Voice-to-Action: Using OpenAI Whisper for voice commands removes the keyboard from the loop. Voice-to-Action describes the pipeline: Audio -> Text -> Intent -> Motor Command. OpenAI Whisper is the state-of-the-art speech recognition model, known for its robustness to accents and background noise. Voice commands are the most natural interface for humans. The importance is accessibility; anyone can talk to the robot, not just engineers.
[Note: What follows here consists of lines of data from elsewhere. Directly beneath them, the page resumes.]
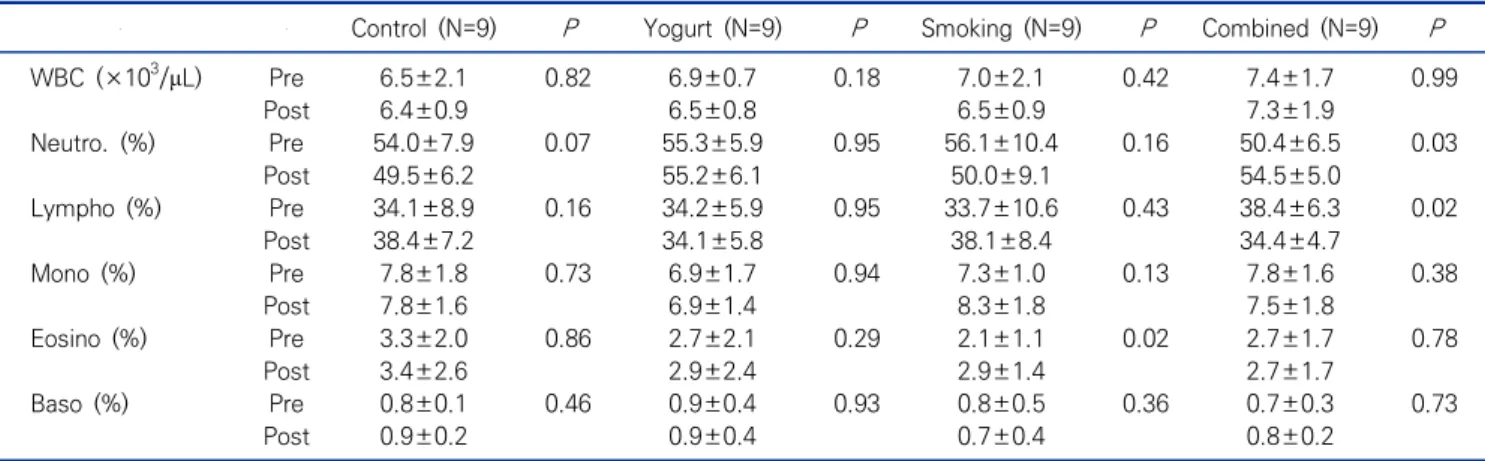Table  2.  Changes  of  white  blood  cells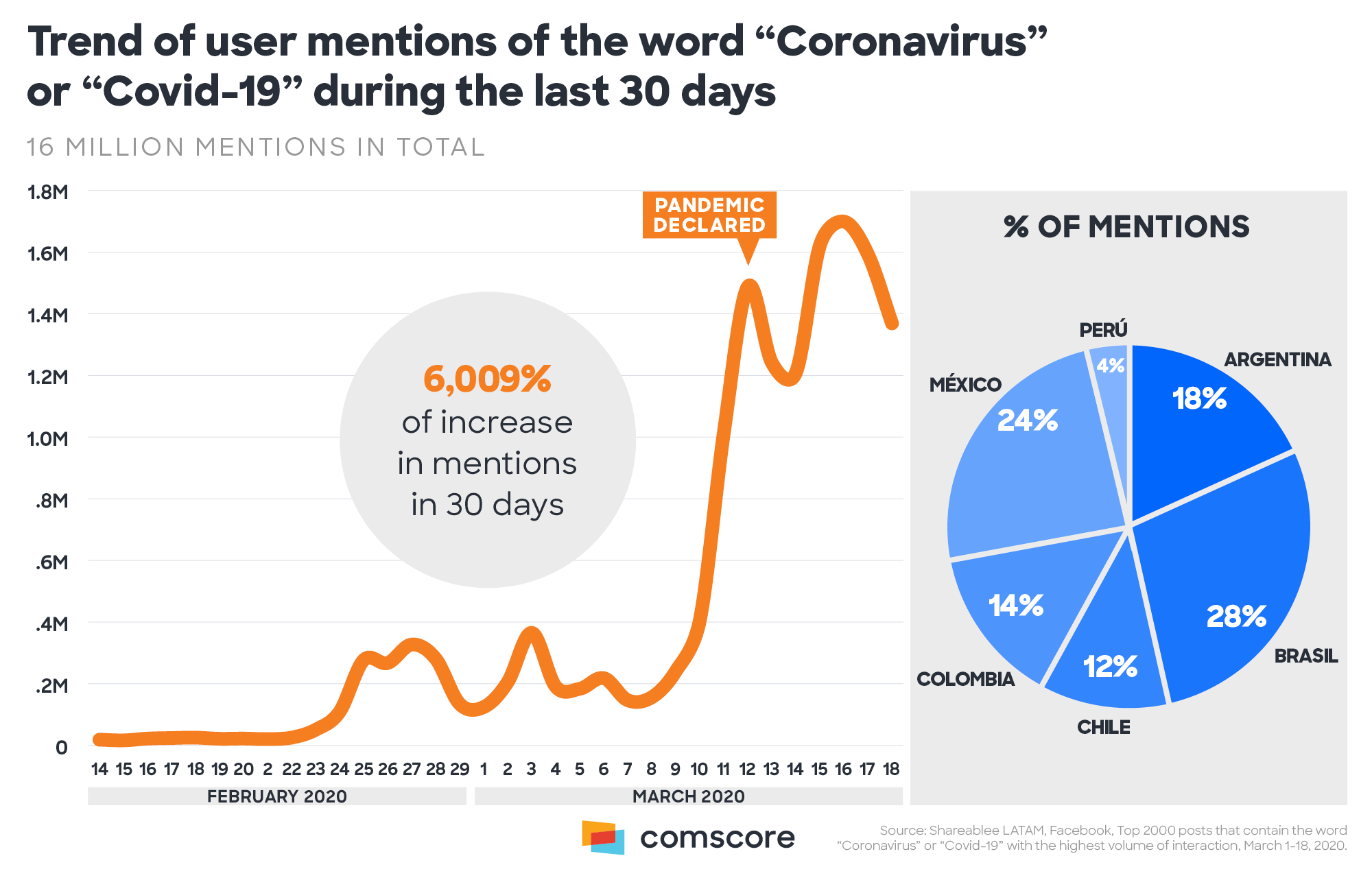 Coronavirus - Covid-19 mentions Coronavirus - Covid-19 mentions
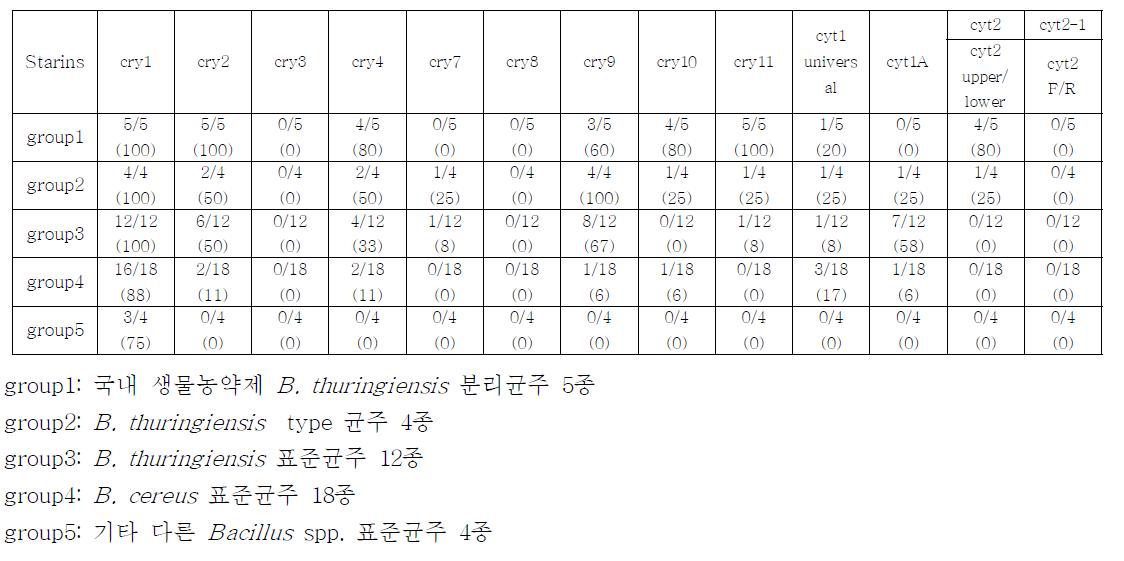 group 별 각 crystal toxin gene에 대한 검출율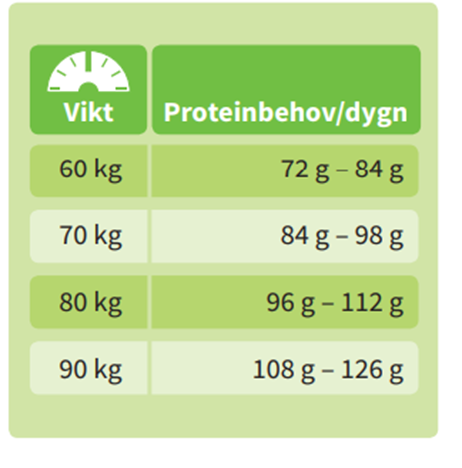 Proteinbehov med olika vikter, till exempel 60 kg behöver 72-84 g protein/dygn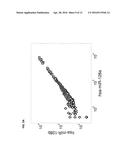 MICRORNAS EXPRESSION SIGNATURE FOR DETERMINATION OF TUMORS ORIGIN diagram and image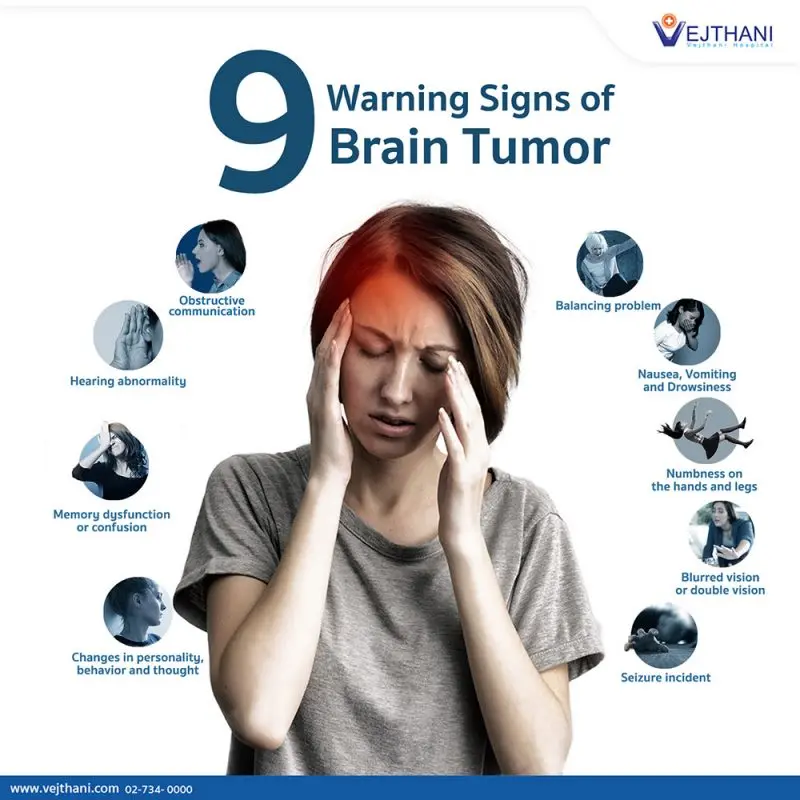 Brain tumor symptoms. Seven warning signs you must pay attention to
Real usage involves running whisper.cpp on the Jetson Orin to process audio locally (privacy-preserving) and publishing the transcript to a /speech_text topic. An example is saying "Stop!" and having the robot freeze instantly. This is key for upgradable high-DoF humanoids as it enables social integration in homes and hospitals.

(Note: Sidebar refers to Locomotion, but per mapping, we cover Whisper here).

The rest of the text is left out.